The summative examination was marked taking into account the structure and relationship between nodes, and a holistic overview of the map. The ecological approach to marking was not reliant on node and link counting, but was more a judgement on students processes involved in tackling the scenario presented. In spite of the variability of mind maps in this summative examination, the detailed associated narratives linked to the maps showed degrees of homogeneity in detailing the rationale behind linking nodes. With regards to reliability, the idiosyncratic nature of the mind maps presented challenges for markers particularly when some students presented overly complex representations of the applications of knowledge to the specific health protection scenario.
When comparing student’s attainment for the HP summative examination against marks achieved for the other 7 modules in the MSc PHHP, the results were comparative to their average marks with no negative or positive deviation.
Student feedback has evaluated this method of summative assessment positively, and the external examiner commented “this has worked well and appears to have tested students’ knowledge and understanding effectively, particularly the complexity of outbreak control”. This demonstrates the value in being more creative in developing innovative methods of summative assessment within a programme, and moving away from traditional essay writing.
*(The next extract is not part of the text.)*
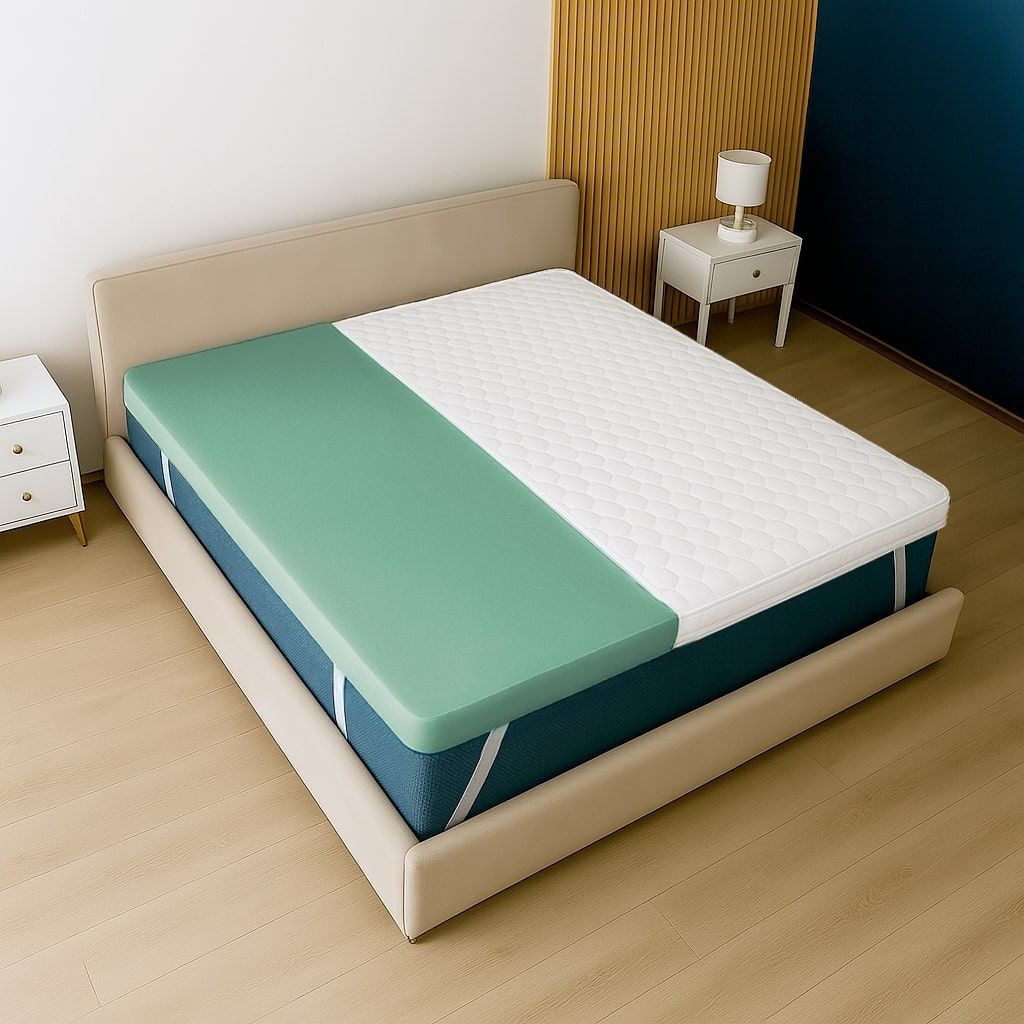 The White Stone Topper 90 x 200 in Memory Foam con Altezza di 5 cm | Traspirante e Anallergico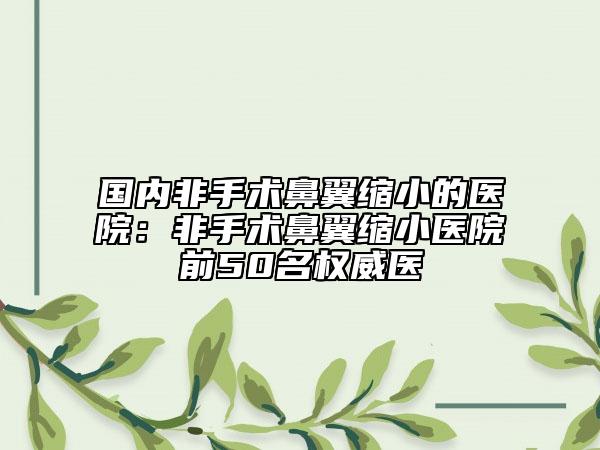 国内非手术鼻翼缩小的医院：非手术鼻翼缩小医院前50名权威医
The presentation will be delivered in a lecture style supported with a power point presentation. The presentation will discuss why mind mapping used as a summative examination to assess students’ knowledge acquisition and application is as rigorous as traditional essay writing, which may be seen as testing ‘essay writing’ skills. Delegates will be presented with a health protection scenario and asked to present brief visual presentations of factors that need to be considered when bringing the scenario/incident to a satisfactory conclusion. This will demonstrate the variety of perspectives that may be employed when considering how to deal with a health protection issue.
mind-mapping, examination, health, protection
Public health, health protection, health promotion and environmental protection are multi-dimensional in nature and as such need a more visual means of presenting the holistic perspective necessary to bring an outbreak or incident to a satisfactory conclusion.
The logical or illogical progression through nodes and linkages really tests student understanding of complex theoretical concepts. Mind mapping can be applied to many other disciplines to assess learning outcomes. However marking these exams may be more subjective in nature and are more time consuming.
Marks achieved in this summative examination do not deviate from average marks achieved by students in other modules within the MSc Public Health and Health Promotion Programme.